With the basking shark season now at an end, there have been just 291 sightings reported to the Manx Basking Shark Watch website this year. This is significantly fewer than the 414 sightings last year and the 835 sightings in 2009.

Manx Basking Shark Watch had 564 sightings in 2008, 677 in 2007, and 506 in 2006. There were only 159 sightings reported in 2005, but this was before the website was fully up and running.

Eleanor Stone, marine officer for the Manx Wildlife Trust, said the lack of sightings was likely to be no more than a ‘blip’ and should not give cause for concern.

A lack of surface plankton, due to a shifting tidal front, has been blamed for the low number of reports over the summer – with the suggestion that the sharks could have headed to Scotland instead.

But Eleanor said it may simply be that sharks, which are the second largest fish in the world and a regular visitor to Manx waters, have been here but were just deeper and so could not be seen.

She said: ‘Although there are still a couple of sightings coming in, the season does seem to have to come to an end for 2011.

‘May and June didn’t start too badly, but July and August were particularly low on sightings.

‘Although we don’t know for sure why this is, there was a distinctive lack of plankton at the water surface, throughout the summer. We have no way of knowing whether the sharks were in fact here, just deeper in the water where they couldn’t be spotted.

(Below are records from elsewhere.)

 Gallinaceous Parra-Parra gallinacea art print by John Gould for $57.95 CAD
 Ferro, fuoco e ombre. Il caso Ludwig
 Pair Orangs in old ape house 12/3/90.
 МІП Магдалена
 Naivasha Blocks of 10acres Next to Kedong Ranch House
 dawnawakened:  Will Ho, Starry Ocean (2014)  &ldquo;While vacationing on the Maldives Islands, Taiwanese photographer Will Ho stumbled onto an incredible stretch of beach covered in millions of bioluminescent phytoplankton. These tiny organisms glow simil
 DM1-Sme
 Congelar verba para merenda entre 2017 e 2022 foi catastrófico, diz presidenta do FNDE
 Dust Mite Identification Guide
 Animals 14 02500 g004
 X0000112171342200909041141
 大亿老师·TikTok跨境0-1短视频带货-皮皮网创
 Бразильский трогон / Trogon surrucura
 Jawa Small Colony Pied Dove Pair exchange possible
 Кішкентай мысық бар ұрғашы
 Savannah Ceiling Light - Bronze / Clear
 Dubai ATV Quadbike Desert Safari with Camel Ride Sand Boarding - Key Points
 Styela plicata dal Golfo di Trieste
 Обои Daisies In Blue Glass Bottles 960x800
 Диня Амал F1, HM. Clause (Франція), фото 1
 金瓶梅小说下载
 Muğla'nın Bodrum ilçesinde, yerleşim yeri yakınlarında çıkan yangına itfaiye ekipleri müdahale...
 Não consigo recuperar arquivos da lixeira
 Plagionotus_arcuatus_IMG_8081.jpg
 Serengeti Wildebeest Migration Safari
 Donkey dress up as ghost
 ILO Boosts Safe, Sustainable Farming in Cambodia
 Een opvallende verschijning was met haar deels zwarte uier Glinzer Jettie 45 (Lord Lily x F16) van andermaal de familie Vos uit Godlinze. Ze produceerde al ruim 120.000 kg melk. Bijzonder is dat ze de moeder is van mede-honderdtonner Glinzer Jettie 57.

‘Despite the lack of sharks, we still managed to achieve some scientific research. Three satellite tags were deployed, which will tell us where the sharks travel to over the next few months, and more photos and genetic samples were collected, which will allow us to distinguish between individual sharks.

‘Good and bad years come and go in nature, especially when trying to observe a highly mobile species that is only visible when at the water surface, so we would not draw any firm conclusions from this season’s lack of sightings.

‘We’ll keep our fingers crossed that next year will be back to “normal” and there will be a lot more sharks out there for us all to spot!’